The purpose of this blog is to share some of my publishing experiences as a means of providing practical yet motivating advice so you can try and avoid some of the inherent process pitfalls. If your research agenda or professional plans are contingent on getting your next article published in a peer reviewed journal or perhaps as part of a book chapter or for any other prospective publishing endeavor, there are four steps that can help take the guess work out of the process. But even if you follow this advice, patience and tenacity are key to providing support while you prepare, search for, submit and await publication consideration.
Step 1: Know the Market
Even if you have a bona-fide rigorous and unique article ready for submission, the publication process always starts with the targeted publication first. What are their guidelines? What is their method of submission? Do they have a formal submission website or do they accept unsolicited submissions via email? Be certain the publisher is reputable and meets your desired needs. If a peer reviewed journal be sure it is not on a predatory list. Search for markets that best match the rigor and topic of your paper. Tools like Questia might be beneficial and the Open Access Academy provides more tips on markets and article preparation.
Step 2: Proper Manuscript Preparation
Following the guidelines is so important. Every publication differs, but in most every peer reviewed manuscript it will be necessary to remove any information related to you as the author including information germane to the file proprieties identifying you as the author.

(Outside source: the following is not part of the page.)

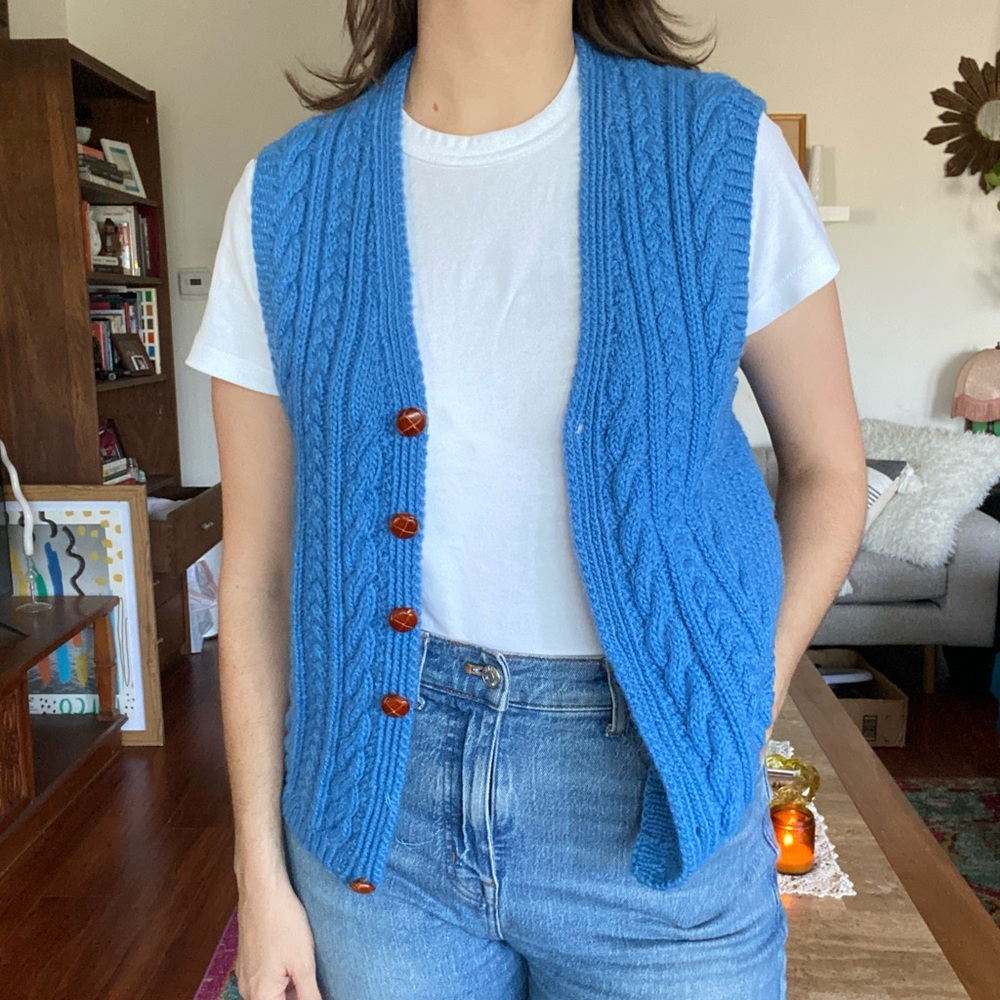 Handknit Blue Cable Knit Sweater Vest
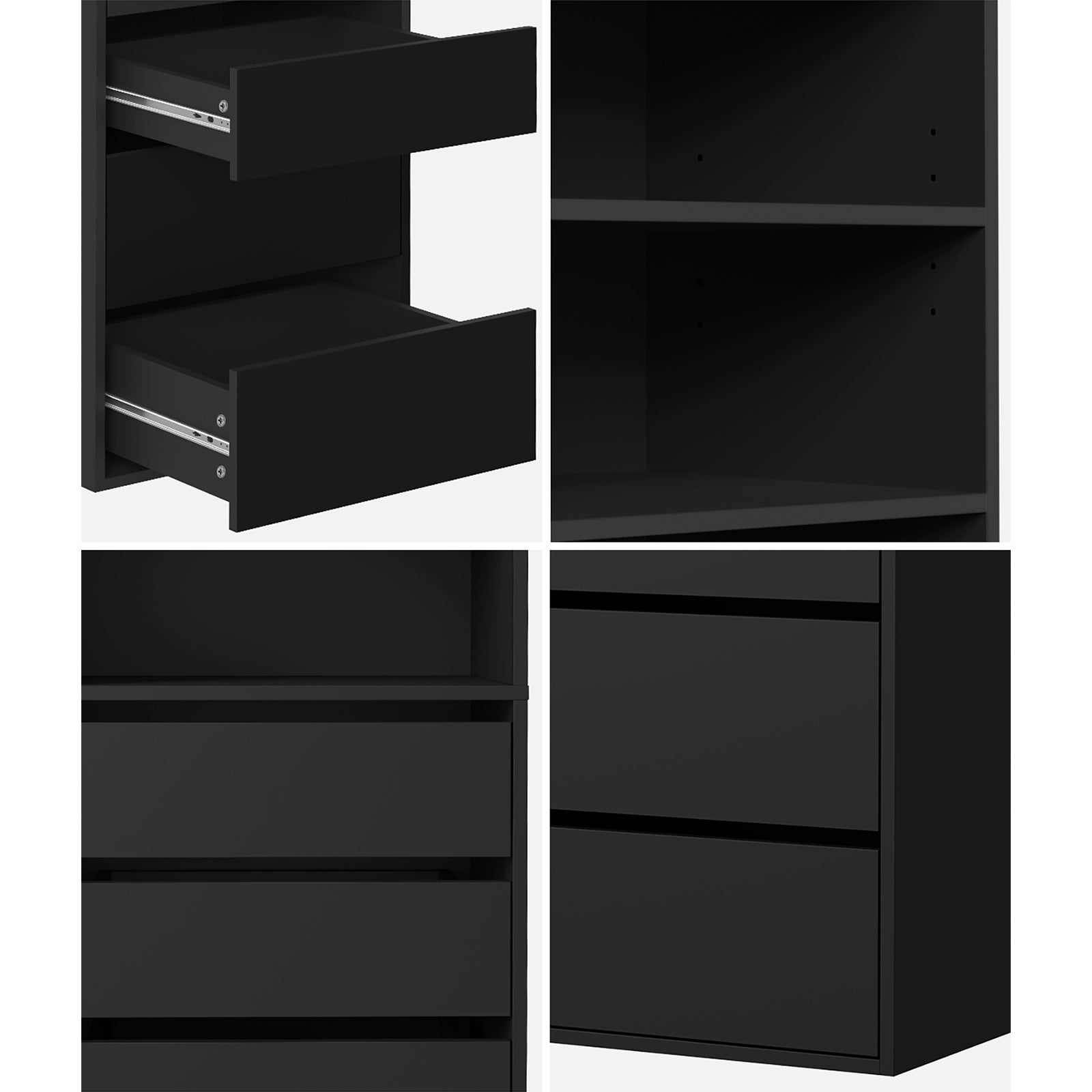 Oikiture Wardrobe Storage Cabinet Shelf Unit Clothes 3 Shelves 6 Drawers Black - Sunyee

This is needed for blind reviews. Aside from easily removing your cover page byline, you’ll want to remove any “Document Properties and Personal Information” identifiers.
On a Windows PC navigate to “Info” under the File Menu.

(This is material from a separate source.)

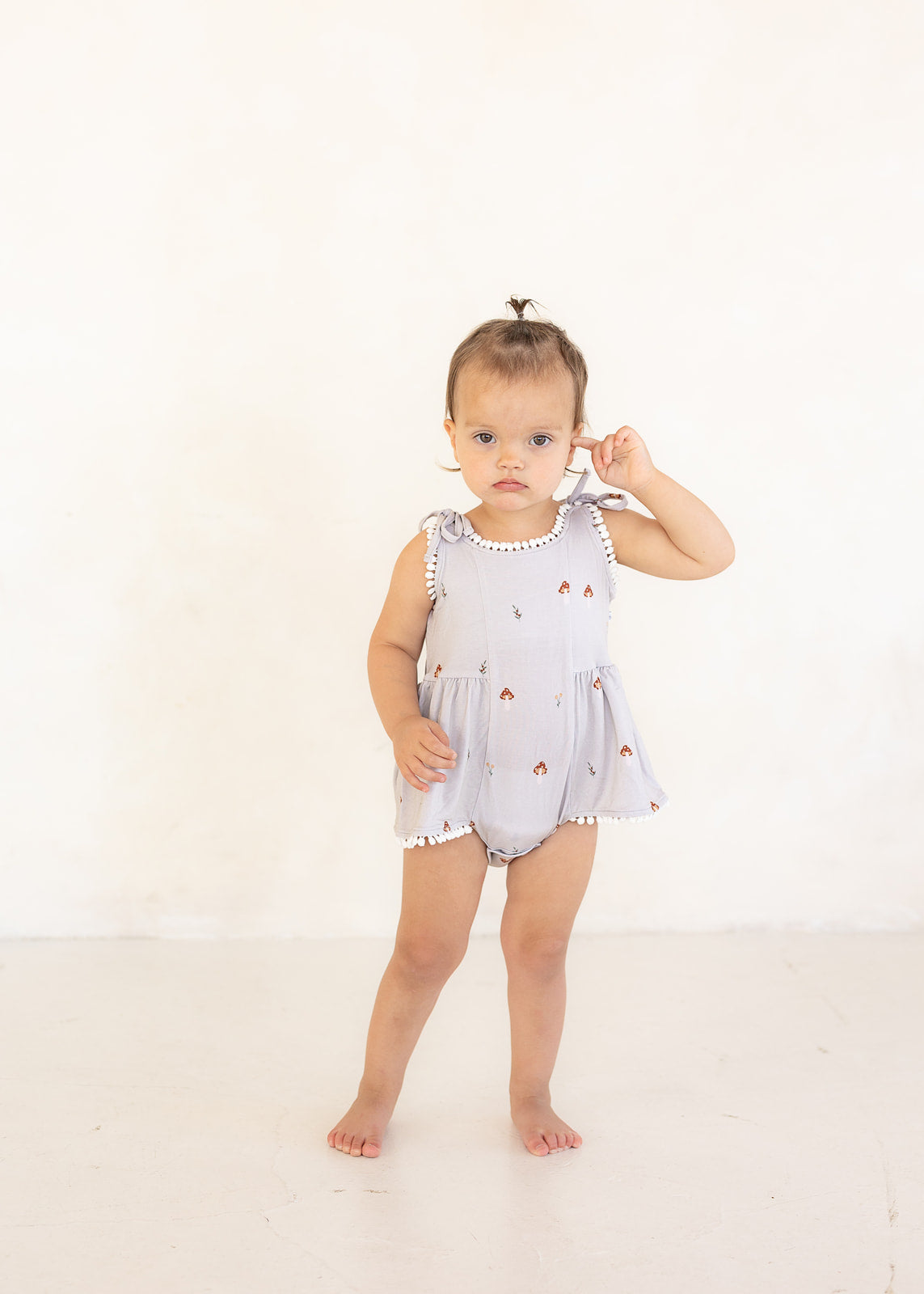 Mushroom | Bamboo Pom Twirl Romper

There you will find three box icon choices.
Select the one labeled “Check for Issues” then select “Inspect.”
Finally, select “Remove All” as identified in Figure 1: Removing Personal identifiers
Other process requirements relevant to many journal submissions may include the requirement of an Open Research Connection ID (ORCID) digital identifier. The ORCID number will allow you to build a database of your research that encapsulates your activities for future database use and is often associated with the Research ID developed by Thomson Reuters. Upon applying you will be given a permanent number associated with each. Archive this information for future required journal submissions.

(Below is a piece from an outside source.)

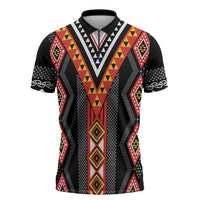 Niho Taniwha Taniko Motif Zipper Polo Shirt LT9 Red - Polynesian Pride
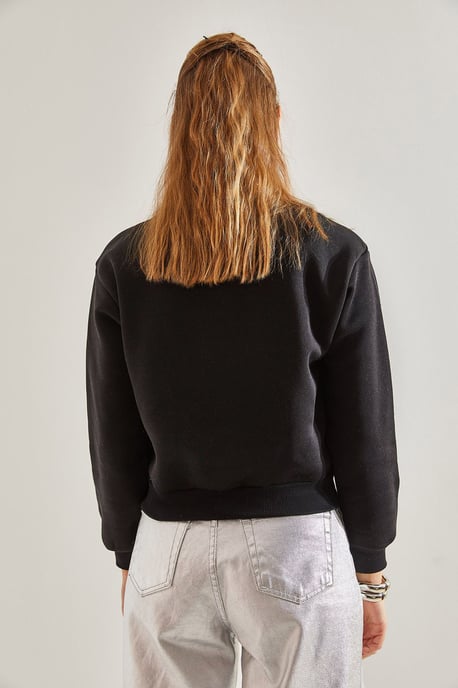 Crew Neck Crop Sweatshirt mit Motto-Print - Image 2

Step 3: Use Criticism to Your Advantage
Tenacity should now be in play for it can take many weeks or longer before you are provided the results of the peer review. If you are contacted within several days, it is likely your piece has been immediately rejected as a poor match. While this may seem like devastating news, it could actually be a valuable exchange of information if the editor provides you feedback as to why. I have been fortunate to receive detailed and useful feedback on missing parts of a literature review, for example, and was provided the names of key authors and their works. I have been able to re-include such missing information, only to later resubmit to the same publication or another, where my work was eventually accepted.
Step 4: Lower Your Stress
Waiting for a review can be stressful. Working on your next effort can help, but if you still have trouble coming back down to earth, perhaps a little mediation can help? If you do yoga, for example, you may find it can create refuge during these long manuscript waiting periods. Perhaps my blog dubbed, Research Agenda Setting to Popular Yoga Poses might help. If you have not tried yoga or prefer not to, consider working out, swimming, or running/walking. Simply being active can reduce so much stress associated with getting your work published.
I hope these four steps will prove beneficial. Remember that patience and tenacity are the pathway to success. Feel free to reply here if you have any questions or your own tips to share. Best wishes for much publication success!